Ensure the host's network namespace isn't shared
(5.09)		 Description: This is potentially dangerous. It allows the container process to open low-numbered ports like any other root process. It also allows the container to access network services like D-bus on the Docker host. Thus, a container process can potentially do unexpected things such as shutting down the Docker host. You shouldn't use this option. Don't pass --net=host option when starting the container.

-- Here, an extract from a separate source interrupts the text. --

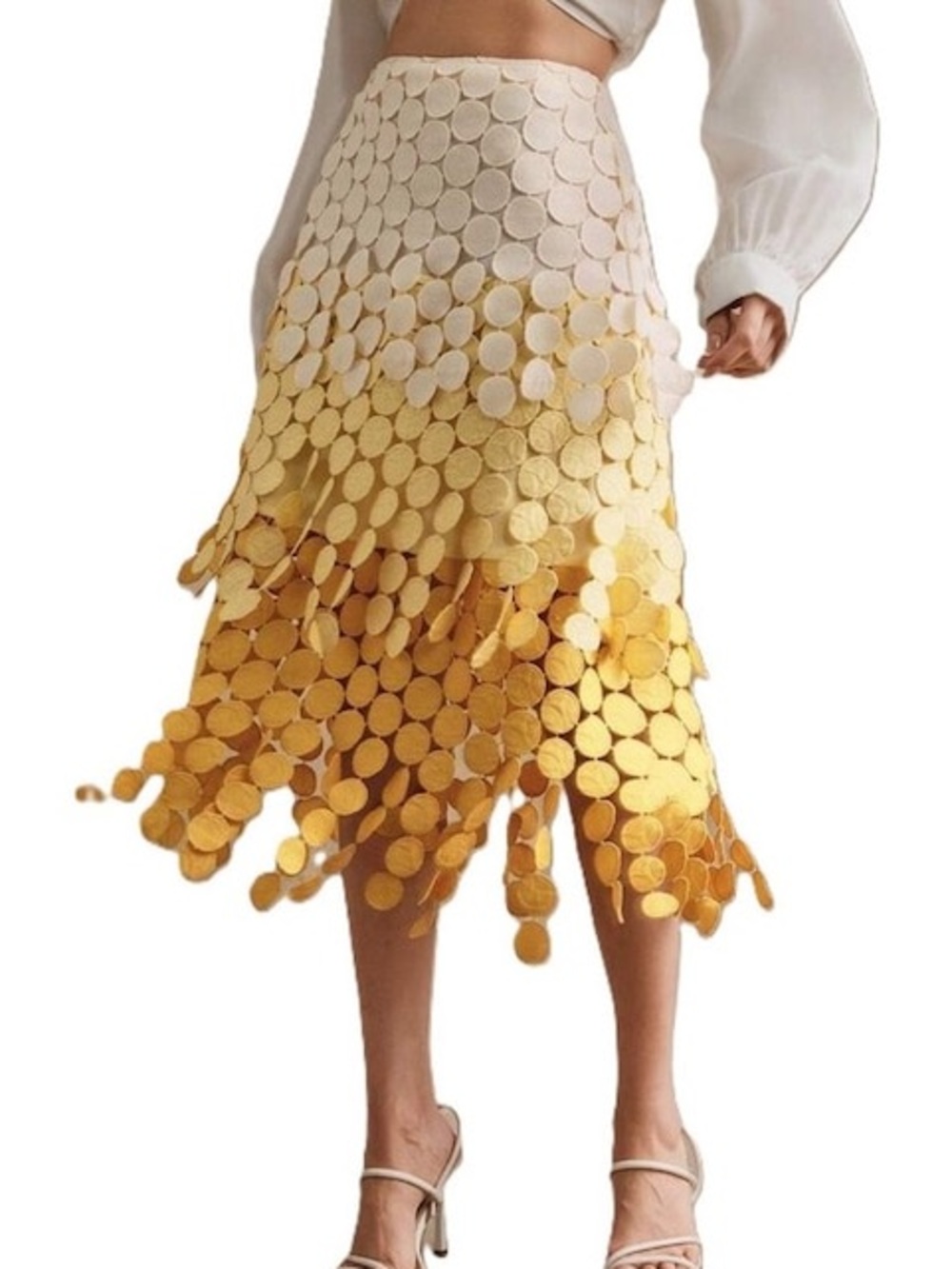 Yellow Midi Skirt with Circular Sequin Overlay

Ensure memory usage for container is limited
(5.10)		 Description: By default, container can use all of the memory on the host. You can use memory limit mechanism to prevent a denial of service arising from one container consuming all of the host’s resources such that other containers on the same host cannot perform their intended functions. Having no limit on memory can lead to issues where one container can easily make the whole system unstable and as a result unusable. Run the container with only as much memory as required. Always run the container using the --memory argument. For example, you could run a container as below: docker run --interactive --tty --memory 256m centos /bin/bash In the above example, the container is started with a memory limit of 256 MB. Note: Please note that the output of the below command would return values in scientific notation if memory limits are in place. docker inspect --format='{{.Config.Memory}}' 7c5a2d4c7fe0 For example, if the memory limit's set to 256 MB for the above container instance, the output of the above command would be 2.68435456e+08 and NOT 256m. You should convert this value using a scientific calculator or programmatic methods.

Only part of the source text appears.